Sebastian Vettel ha detto di essere uscito “svuotato” dal durissimo confronto nel campionato. La stessa sensazione la provò Nico Rosberg nel 2016, quando decise il ritiro dalle corse una volta aggiudicato il titolo mondiale all’ultima, soffertissima gara. Non è solo il talento di guida di Hamilton a mettere pressione a tutti i suoi avversari, ma anche i piccoli e fastidiosi trucchi comunicativi che utilizza con uno studio premeditato. La pomposa autocelebrazione nei momenti di successo, l'esagerata sopravvalutazione delle circostanze sfavorevoli, le insinuazioni promosse per sminuire o addirittura mettere in dubbio la legalità dei successi altrui, sono tutte situazioni che Hamilton programma e calibra in modo misurato per offrire un'immagine più possibile solida di se stesso, forzandola volutamente, scevra da quell'arroganza radicale e indiscriminata, forse più spontanea, di altri piloti come Max Verstappen o Kevin Magnussen.

Questa sua capacità di bilanciare attentamente il trash-talking e il rispetto per gli avversari - soprattutto quelli sconfitti - lo pone in una condizione di superiorità comunicativa, di difficile lettura. Rispetto ad altri piloti più spontanei come Kimi Raikkonen e Fernando Alonso, di Hamilton buona parte del pubblico ne coglie la saltuaria ipocrisia, ma forse proprio questa sua forza comunicativa è un ulteriore elemento più o meno invisibile che si va ad aggiungere al suo immenso talento e ormai anche alla gestione matura delle gare e di qualsiasi situazione, aumentando la pressione degli avversari e portandoli all'esasperazione agonistica.

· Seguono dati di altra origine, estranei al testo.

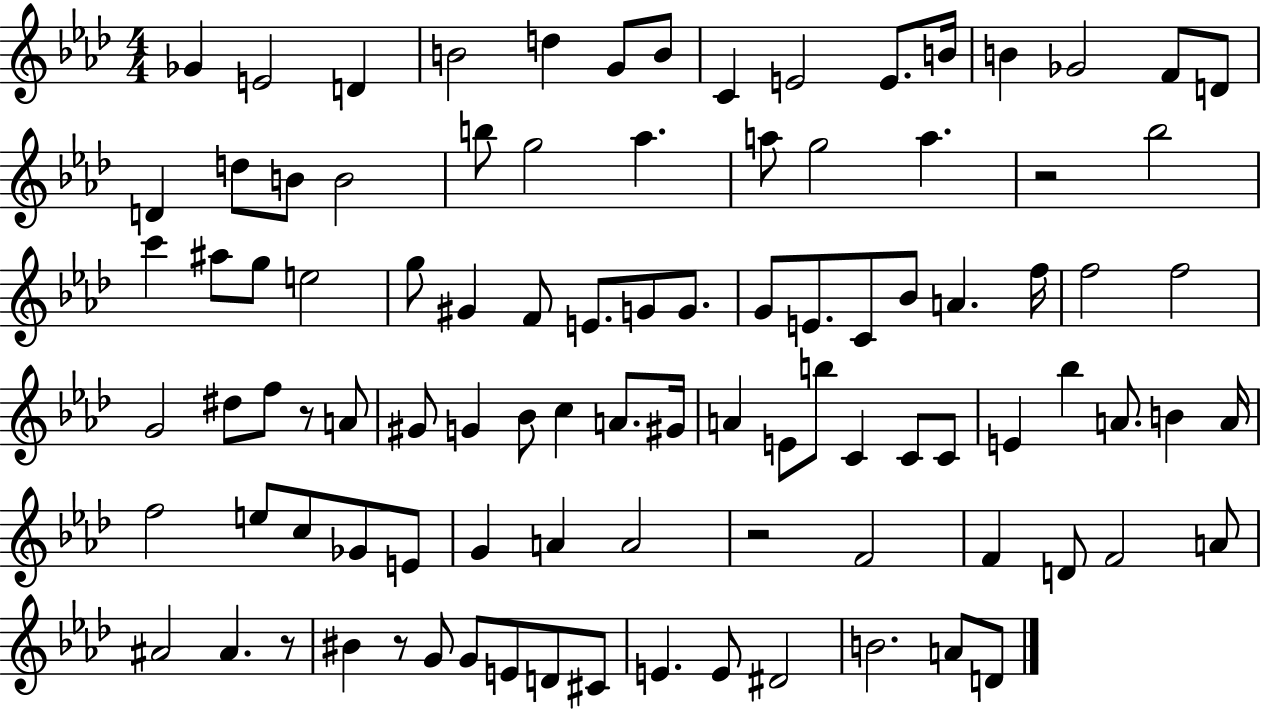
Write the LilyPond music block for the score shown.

{
  \clef treble
  \numericTimeSignature
  \time 4/4
  \key aes \major
  ges'4 e'2 d'4 | b'2 d''4 g'8 b'8 | c'4 e'2 e'8. b'16 | b'4 ges'2 f'8 d'8 | \break d'4 d''8 b'8 b'2 | b''8 g''2 aes''4. | a''8 g''2 a''4. | r2 bes''2 | \break c'''4 ais''8 g''8 e''2 | g''8 gis'4 f'8 e'8. g'8 g'8. | g'8 e'8. c'8 bes'8 a'4. f''16 | f''2 f''2 | \break g'2 dis''8 f''8 r8 a'8 | gis'8 g'4 bes'8 c''4 a'8. gis'16 | a'4 e'8 b''8 c'4 c'8 c'8 | e'4 bes''4 a'8. b'4 a'16 | \break f''2 e''8 c''8 ges'8 e'8 | g'4 a'4 a'2 | r2 f'2 | f'4 d'8 f'2 a'8 | \break ais'2 ais'4. r8 | bis'4 r8 g'8 g'8 e'8 d'8 cis'8 | e'4. e'8 dis'2 | b'2. a'8 d'8 | \break \bar "|."
}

Per cogliere la portata del suo quinto titolo mondiale non serve però alcun tipo di celebrazione mediatica. Lui, come al solito, ha reagito comunque alla sua maniera, ricordando per l'ennesima volta l'importanza di suo padre nella costruzione della sua carriera. Hamilton ha così voluto nuovamente sottolineare la difficoltà del suo percorso e le qualità e la determinazione che sono state per lui necessarie per emergere. In questo senso ha provato anche ad avvantaggiarsi psicologicamente già per il 2019, dove tutto sembra apparecchiato per una nuova sfida contro Vettel e la Ferrari, in quella che resterà nella storia come una delle rivalità più affascinanti degli ultimi decenni in Formula 1.